JEDDAH: Saudi Arabia’s atomic energy program is fundamental for developing a sustainable energy sector, a senior minister told the International Atomic Energy Agency on Monday.
The Kingdom plans to start building its first two nuclear power reactors this year and as many as 16 over the next 25 years at a cost of more than $80 billion.

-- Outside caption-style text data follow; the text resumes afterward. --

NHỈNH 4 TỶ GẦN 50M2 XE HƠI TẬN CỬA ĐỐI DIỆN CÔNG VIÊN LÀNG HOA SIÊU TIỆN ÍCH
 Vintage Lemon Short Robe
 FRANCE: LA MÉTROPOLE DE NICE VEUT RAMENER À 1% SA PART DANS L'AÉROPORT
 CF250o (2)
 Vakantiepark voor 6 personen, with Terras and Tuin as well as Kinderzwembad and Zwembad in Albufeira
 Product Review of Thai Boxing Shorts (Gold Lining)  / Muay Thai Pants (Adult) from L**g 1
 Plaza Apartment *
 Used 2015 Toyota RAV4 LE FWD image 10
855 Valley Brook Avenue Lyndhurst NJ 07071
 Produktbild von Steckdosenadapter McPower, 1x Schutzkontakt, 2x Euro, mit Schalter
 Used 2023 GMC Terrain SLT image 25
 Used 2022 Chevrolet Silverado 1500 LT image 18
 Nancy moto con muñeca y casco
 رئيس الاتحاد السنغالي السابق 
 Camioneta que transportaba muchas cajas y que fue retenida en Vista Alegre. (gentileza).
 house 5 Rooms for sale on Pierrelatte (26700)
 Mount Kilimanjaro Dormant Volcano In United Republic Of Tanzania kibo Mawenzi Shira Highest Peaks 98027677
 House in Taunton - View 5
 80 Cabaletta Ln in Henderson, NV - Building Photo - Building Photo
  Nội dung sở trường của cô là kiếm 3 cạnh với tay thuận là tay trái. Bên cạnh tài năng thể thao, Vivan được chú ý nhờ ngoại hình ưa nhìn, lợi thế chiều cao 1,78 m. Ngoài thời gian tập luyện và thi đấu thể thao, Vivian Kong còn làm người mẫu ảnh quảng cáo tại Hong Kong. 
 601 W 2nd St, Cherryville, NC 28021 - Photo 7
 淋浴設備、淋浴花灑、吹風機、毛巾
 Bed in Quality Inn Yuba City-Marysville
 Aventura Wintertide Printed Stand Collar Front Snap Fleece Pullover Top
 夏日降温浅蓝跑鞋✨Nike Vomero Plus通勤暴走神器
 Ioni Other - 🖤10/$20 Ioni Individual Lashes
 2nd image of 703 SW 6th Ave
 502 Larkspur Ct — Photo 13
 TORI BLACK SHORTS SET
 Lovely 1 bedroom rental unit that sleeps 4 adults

The plan is to provide 15 percent of Saudi Arabia’s power from nuclear by 2032.
Speaking at the IAEA’s annual conference in Vienna, Energy Minister Khalid Al-Falih said the atomic reactor projects were were part of the Kingdom’s Vision 2030 to diversify its energy sources to nuclear and renewables.
The program “abides by all international treaties and conventions and best practices, adhering to the highest standards of safety, security and transparency,” Al Falih said.
The minister said Saudi Arabia was committed to the Treaty on the Non-Proliferation of Nuclear Weapons, which calls for nuclear disarmament and stresses the commitment of nuclear power states to share their peaceful technologies with abiding member states.
He also said the Kingdom had called for cooperation with the international community to make the Middle East a nuclear weapons free area.
The US has started to reintroduce heavy sanctions against Iran over its nuclear program, after Donald Trump pulled out of a deal with the country earlier this year to curb its atomic ambitions.
Al-Falih called on the international community to take a more stringent stance against all threats to regional and international security, particularly Iran, given its “alarming efforts to build its nuclear capabilities, in tandem with its increasing acts of sabotage and aggression against other states in the region.”